Total correlation (TC) is a fundamental concept in information theory that measures statistical dependency among multiple random variables. Recently, TC has shown noticeable effectiveness as a regularizer in many learning tasks, where the correlation among multiple latent embeddings requires to be jointly minimized or maximized. However, calculating precise TC values is challenging, especially when the closed-form distributions of embedding variables are unknown. In this paper, we introduce a unified framework to estimate total correlation values with sample-based mutual information (MI) estimators. More specifically, we discover a relation between TC and MI and propose two types of calculation paths (tree-like and line-like) to decompose TC into MI terms. With each MI term being bounded, the TC values can be successfully estimated. Further, we provide theoretical analyses concerning the statistical consistency of the proposed TC estimators. Experiments are presented on both synthetic and real-world scenarios, where our estimators demonstrate effectiveness in all TC estimation, minimization, and maximization tasks. The code is available at https://github.com/Linear95/TC-estimation.

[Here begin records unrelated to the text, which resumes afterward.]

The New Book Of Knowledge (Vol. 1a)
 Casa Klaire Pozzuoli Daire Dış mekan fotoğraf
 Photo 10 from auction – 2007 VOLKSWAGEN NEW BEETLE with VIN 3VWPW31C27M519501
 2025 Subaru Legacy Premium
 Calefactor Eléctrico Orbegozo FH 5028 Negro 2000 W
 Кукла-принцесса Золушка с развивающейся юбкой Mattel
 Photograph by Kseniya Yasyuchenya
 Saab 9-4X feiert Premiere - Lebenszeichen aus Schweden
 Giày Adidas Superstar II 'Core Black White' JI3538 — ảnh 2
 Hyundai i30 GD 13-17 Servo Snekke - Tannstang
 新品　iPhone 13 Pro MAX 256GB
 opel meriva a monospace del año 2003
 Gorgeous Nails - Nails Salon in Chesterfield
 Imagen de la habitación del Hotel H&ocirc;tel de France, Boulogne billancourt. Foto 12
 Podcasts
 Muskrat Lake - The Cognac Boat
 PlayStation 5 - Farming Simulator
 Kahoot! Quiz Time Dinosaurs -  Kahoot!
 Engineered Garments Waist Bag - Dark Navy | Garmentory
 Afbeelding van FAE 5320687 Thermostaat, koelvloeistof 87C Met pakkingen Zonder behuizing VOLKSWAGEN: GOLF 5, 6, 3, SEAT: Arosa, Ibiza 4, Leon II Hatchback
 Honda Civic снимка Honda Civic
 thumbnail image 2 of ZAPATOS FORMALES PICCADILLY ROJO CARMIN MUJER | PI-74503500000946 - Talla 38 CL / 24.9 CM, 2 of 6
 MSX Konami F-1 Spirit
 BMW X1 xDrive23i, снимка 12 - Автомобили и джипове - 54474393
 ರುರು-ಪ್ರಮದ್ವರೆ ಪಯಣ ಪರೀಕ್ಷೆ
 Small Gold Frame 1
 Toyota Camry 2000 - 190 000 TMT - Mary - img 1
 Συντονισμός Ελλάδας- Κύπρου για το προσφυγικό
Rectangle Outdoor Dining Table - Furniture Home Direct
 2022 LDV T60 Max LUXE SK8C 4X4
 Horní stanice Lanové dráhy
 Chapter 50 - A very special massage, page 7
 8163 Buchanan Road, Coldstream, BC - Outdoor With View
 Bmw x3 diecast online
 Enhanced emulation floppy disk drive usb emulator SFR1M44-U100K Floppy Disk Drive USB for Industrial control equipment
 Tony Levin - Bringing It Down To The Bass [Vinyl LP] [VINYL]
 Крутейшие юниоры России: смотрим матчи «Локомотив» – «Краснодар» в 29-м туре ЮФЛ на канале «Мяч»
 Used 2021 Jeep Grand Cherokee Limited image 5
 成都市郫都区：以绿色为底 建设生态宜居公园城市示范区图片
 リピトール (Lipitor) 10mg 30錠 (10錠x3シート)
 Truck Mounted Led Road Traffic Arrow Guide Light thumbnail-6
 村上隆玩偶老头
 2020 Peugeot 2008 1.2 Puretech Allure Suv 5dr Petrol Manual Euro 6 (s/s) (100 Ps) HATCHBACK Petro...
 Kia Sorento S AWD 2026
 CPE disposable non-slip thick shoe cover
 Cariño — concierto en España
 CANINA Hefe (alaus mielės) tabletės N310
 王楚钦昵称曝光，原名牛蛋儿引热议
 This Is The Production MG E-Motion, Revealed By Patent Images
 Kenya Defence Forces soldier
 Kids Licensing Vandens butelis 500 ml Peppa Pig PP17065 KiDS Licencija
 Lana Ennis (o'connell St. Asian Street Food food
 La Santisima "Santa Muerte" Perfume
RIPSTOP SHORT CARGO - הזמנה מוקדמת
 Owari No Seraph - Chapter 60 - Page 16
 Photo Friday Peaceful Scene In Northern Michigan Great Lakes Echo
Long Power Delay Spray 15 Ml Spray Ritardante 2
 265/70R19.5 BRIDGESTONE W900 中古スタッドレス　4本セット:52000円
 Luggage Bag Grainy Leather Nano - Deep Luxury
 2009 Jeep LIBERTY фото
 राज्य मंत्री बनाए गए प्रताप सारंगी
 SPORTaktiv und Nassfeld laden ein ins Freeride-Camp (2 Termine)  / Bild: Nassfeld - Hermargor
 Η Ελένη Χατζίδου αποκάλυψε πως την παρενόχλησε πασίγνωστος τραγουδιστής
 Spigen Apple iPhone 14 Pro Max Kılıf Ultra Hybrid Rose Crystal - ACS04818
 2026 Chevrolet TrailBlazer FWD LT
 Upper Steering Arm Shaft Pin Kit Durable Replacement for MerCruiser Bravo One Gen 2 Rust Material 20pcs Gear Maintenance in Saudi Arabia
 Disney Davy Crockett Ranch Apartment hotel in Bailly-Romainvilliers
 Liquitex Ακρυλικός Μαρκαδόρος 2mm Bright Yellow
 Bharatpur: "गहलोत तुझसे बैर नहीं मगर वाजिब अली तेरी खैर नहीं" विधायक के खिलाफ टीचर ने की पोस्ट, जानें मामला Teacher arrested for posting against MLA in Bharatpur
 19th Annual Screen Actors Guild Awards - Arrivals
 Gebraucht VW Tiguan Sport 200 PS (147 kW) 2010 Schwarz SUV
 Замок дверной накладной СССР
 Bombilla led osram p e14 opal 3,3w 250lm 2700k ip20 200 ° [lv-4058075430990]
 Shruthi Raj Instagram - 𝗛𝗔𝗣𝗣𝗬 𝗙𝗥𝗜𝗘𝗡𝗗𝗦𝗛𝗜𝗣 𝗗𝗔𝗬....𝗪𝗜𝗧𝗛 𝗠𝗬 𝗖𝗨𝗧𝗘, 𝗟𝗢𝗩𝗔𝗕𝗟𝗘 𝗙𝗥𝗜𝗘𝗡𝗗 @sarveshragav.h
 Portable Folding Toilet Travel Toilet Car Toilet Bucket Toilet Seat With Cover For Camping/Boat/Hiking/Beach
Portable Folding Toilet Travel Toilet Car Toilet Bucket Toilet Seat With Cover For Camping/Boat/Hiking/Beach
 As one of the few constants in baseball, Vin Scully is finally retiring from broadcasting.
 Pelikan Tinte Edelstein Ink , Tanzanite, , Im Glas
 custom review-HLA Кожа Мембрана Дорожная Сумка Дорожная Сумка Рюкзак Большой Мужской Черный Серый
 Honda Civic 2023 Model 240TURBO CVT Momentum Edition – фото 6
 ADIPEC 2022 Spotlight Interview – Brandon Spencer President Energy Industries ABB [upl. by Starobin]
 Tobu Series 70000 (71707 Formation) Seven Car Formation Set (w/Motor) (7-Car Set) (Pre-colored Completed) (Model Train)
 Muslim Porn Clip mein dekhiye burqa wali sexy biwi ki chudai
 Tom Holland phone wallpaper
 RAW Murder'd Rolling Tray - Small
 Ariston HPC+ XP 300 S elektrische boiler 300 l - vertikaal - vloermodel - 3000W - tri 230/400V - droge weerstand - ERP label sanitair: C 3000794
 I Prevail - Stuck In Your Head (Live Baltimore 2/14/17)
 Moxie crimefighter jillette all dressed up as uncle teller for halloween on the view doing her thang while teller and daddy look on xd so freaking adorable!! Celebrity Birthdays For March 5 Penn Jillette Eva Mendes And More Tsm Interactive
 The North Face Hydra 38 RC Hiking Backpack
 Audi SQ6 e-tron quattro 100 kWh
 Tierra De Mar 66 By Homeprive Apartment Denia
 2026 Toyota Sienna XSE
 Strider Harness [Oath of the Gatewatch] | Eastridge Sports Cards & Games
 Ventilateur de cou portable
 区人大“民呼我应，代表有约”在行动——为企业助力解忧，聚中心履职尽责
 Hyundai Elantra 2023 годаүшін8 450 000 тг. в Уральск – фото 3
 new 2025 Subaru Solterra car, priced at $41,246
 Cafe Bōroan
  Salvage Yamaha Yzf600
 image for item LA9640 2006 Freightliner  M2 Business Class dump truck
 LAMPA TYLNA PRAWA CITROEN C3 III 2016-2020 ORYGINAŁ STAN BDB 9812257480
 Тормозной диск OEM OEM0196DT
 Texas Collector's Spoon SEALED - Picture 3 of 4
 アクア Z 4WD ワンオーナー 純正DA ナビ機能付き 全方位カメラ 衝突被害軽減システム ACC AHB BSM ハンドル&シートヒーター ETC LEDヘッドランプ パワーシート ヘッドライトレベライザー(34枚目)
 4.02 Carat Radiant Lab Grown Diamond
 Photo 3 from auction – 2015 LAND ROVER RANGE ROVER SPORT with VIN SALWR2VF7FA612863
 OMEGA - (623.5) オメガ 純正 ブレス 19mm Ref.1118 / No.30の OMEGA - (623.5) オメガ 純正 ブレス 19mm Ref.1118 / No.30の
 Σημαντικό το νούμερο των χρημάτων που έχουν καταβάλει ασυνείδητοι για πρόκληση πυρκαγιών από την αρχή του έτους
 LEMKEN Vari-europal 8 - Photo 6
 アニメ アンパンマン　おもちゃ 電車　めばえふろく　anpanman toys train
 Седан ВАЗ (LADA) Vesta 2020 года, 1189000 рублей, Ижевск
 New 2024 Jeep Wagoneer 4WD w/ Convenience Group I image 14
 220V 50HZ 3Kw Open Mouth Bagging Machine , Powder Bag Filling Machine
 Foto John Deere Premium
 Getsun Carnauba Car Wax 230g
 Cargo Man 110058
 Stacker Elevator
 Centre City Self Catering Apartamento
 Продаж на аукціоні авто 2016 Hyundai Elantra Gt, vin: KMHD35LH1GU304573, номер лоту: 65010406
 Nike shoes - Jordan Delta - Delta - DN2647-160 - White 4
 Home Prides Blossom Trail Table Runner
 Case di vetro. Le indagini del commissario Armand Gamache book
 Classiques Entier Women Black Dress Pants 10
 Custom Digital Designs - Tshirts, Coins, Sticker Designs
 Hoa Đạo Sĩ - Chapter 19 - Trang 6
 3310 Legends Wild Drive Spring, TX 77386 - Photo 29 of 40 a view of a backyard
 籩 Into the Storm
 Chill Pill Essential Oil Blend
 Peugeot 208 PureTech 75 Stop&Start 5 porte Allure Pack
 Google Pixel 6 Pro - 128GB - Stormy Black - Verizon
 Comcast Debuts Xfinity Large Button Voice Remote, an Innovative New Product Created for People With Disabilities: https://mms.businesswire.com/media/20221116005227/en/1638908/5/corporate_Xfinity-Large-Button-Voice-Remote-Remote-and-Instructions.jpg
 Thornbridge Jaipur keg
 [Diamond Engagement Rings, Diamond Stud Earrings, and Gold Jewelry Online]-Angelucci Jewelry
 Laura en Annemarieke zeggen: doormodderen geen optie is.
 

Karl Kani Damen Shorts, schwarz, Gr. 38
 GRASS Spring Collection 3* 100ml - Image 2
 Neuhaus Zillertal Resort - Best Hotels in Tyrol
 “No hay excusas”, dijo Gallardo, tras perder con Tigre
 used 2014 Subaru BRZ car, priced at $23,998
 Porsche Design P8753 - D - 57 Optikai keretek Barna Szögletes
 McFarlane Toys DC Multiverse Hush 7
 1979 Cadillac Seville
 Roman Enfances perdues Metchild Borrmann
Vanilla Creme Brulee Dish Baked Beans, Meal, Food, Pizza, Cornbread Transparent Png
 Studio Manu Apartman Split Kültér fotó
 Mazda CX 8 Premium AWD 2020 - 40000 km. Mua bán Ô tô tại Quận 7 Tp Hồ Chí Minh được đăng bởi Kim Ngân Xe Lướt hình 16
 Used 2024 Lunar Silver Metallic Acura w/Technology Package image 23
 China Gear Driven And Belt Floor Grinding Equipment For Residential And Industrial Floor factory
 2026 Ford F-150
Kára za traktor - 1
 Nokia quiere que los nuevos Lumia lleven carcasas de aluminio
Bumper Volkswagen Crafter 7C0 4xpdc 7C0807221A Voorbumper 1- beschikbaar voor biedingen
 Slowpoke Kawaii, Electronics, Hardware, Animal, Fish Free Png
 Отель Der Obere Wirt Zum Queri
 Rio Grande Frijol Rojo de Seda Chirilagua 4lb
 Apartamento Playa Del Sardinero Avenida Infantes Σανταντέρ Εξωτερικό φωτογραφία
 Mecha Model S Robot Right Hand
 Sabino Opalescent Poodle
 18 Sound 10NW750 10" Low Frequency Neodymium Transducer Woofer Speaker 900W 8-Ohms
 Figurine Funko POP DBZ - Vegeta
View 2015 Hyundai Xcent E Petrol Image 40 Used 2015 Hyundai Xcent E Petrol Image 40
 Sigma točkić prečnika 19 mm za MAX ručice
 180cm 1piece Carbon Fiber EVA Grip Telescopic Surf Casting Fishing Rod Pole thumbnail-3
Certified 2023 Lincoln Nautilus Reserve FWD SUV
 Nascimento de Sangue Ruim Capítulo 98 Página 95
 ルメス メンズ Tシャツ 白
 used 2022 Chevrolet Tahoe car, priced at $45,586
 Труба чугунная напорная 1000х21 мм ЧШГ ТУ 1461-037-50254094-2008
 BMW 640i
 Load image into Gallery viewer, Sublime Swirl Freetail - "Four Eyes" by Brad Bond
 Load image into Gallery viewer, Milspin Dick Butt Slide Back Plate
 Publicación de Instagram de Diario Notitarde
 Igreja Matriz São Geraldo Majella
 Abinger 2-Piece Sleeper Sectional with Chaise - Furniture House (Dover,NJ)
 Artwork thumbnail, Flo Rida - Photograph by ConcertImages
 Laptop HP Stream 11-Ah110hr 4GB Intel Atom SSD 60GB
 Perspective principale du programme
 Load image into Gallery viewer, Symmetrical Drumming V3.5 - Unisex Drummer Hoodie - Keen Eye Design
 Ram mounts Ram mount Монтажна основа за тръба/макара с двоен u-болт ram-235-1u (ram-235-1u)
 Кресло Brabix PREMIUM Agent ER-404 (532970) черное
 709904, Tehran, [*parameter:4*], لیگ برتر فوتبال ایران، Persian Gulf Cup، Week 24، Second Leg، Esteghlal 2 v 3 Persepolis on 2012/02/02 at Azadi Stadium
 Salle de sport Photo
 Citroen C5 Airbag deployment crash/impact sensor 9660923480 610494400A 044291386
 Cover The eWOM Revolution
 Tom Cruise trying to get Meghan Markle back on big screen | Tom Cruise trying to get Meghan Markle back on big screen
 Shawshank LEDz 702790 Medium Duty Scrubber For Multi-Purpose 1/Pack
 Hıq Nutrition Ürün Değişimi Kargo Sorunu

翻译：总相关性（TC）是信息论中衡量多个随机变量间统计依赖性的基本概念。近年来，TC作为正则化项在诸多学习任务中展现出显著效果，其中多组潜在嵌入间的相关性需要被联合最小化或最大化。然而，精确计算TC值颇具挑战性，尤其是在嵌入变量的闭式分布未知的情况下。本文提出统一框架，通过基于样本的互信息（MI）估计器估算总相关性数值。具体而言，我们发现了TC与MI之间的关联，并提出了两种计算路径（树状路径与线状路径），将TC分解为多个MI项。通过约束每个MI项，TC值可被成功估计。此外，我们针对所提TC估计器的统计一致性给出了理论分析。在合成数据与真实场景中的实验表明，我们的估计器在TC估算、最小化及最大化任务中均展现出有效性。代码开源在 https://github.com/Linear95/TC-estimation。